Di antaranya kekurangan volume pada pekerjaan fisik dan pengadaan barang jasa, perjalanan dinas ganda/tidak sesuai kondisi kenyataan, spesifikasi pekerjaan/barang tidak sesuai ketentuan.
Selain itu, kasus yang berpotensi menimbulkan kerugian negara, terjadi penurunan dari tahun 2018 mencapai Rp7,8 miliar dan tahun 2019 sebesar Rp2,6 miliar.
Diantaranya yang berpotensi merugikan negara, yakni pengelolaan aset tidak sesuai ketentuan, kelebihan pembayaran belanja pegawai dan tunjangan, belanja yang membebani keuangan daerah seperti denda atas sanksi administrasi dan tunggakan pajak kendaraan dinas.
Beberapa kasus yang menyebabkan adanya kekurangan penerimaan negara/daerah pada kasus ini, terjadi peningkatan sangat signifikan, pada tahun 2018 sebesar Rp6,7 miliar, meningkat pada tahun 2019 mencapai Rp27,5 miliar.
"Itu terjadi disebabkan denda keterlambatan pekerjaan belum dibayar atau distorkan ke kas daerah, kontribusi pekerjaan belum dipungut, potensi pendapatan retribusi yang dipungut, dan kekurangan penerimaan lainnya," diungkapkannya.
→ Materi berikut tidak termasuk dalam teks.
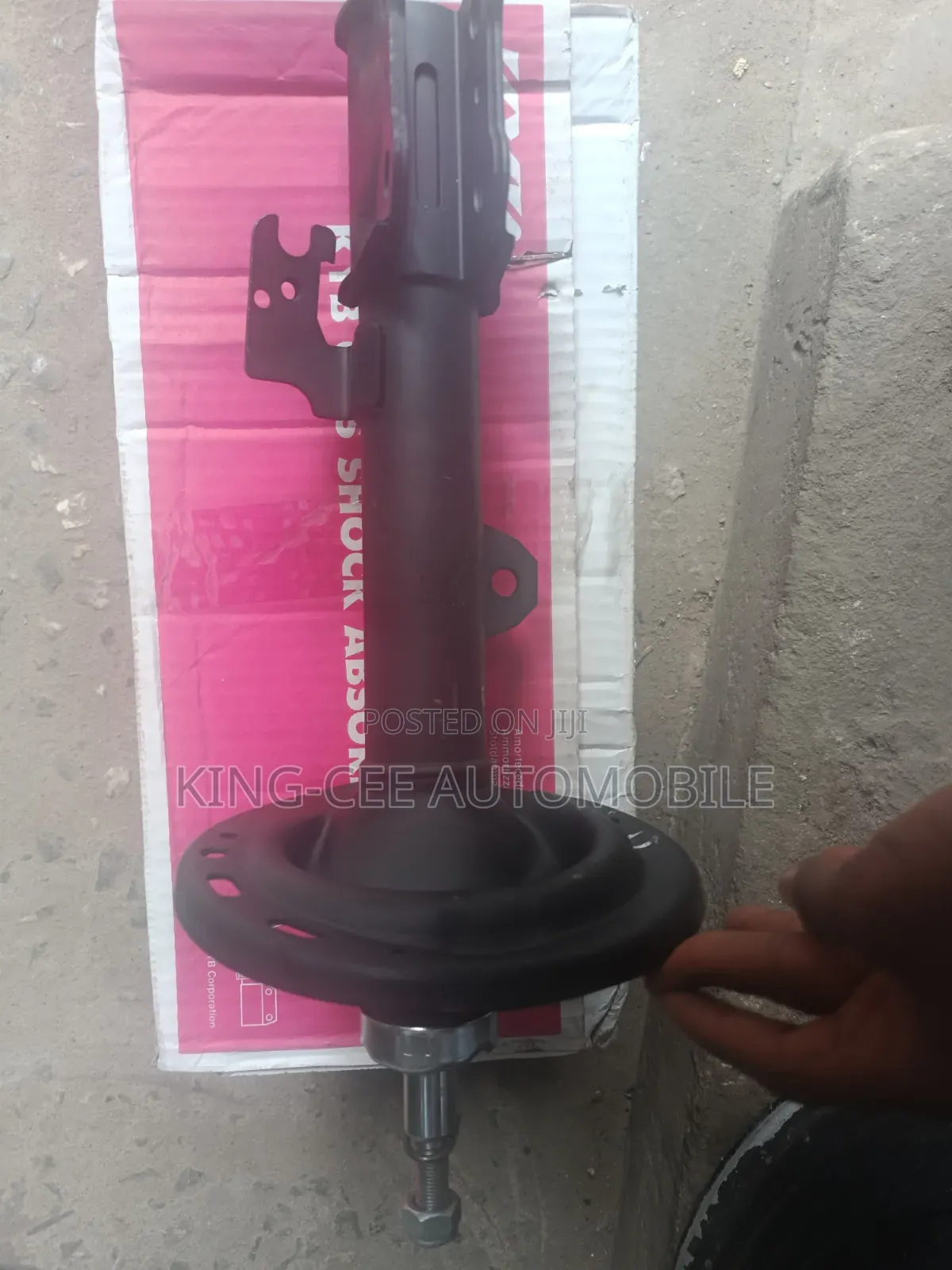KYB Japan Front Shock Absorber Venza, Rx350, Highlander Sienna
Taufik juga menyebutkan, ada ditemukan penyimpangan administrasi dalam pengelolaan kegiatan dan anggaran daerah, seperti pelaksanaan pekerjaan yang melibatkan pihak ketiga tidak sesuai ketentuan, penggunaan dana hibah tidak disertai laporan pertanggungjawaban, belanja pegawai dan barangjasa tidak wajar, serta pengelolaan keuangan /kas daerah tidak tertib.
"Fitra Riau menilai, bahwa atas temuan-temuan tersebut, menunjukan bahwa Pemda di Riau tidak menunjukan kinerja baik dalam penyelenggaran pemerintahan dan pengelolaan anggaran, sebagaimana berdasarkan kasus yang ditemukan selalu berulang-ulang setiap tahunnya, terutama yang berdampak pada kerugian negara mencapai Rp46,6 miliar," terang dia.
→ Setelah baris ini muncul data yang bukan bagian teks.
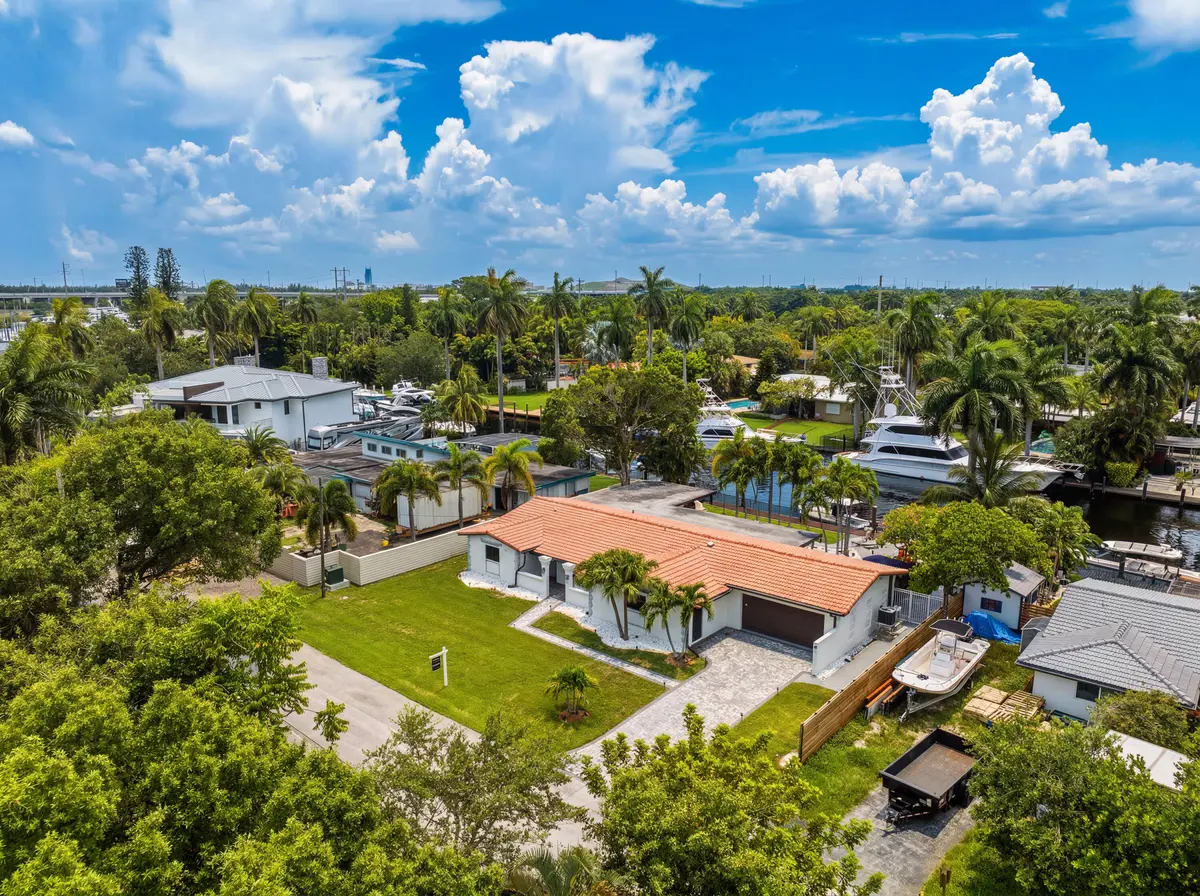 photo_reedit_9ed04282 at 2587 SW 30TH Avenue, Fort Lauderdale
Jumlah temuan atas ketidakpatuhan terhadap perundang-undangan itu ditemukan sejumlah 170 kasus dalam dua tahun 2018-2019. Dan itu terdiri dari 74 kasus yang merugikan kerugian negara, 32 kasus berpotensi menimbulkan kerugian, dan 38 kasus yang berakibat adanya kekurangan penerimaan negara/daerah, serta 26 kasus terjadinya penyimpangan administrasi yang tidak berdampak finansial.
Berdasarkan jumlah kasus yang ditemukan dari tahun ke tahun, justru terjadi peningkatan seperti pada tahun 2018 sejumlah 84 kasus dan tahun 2019 berjumlah 86 kasus.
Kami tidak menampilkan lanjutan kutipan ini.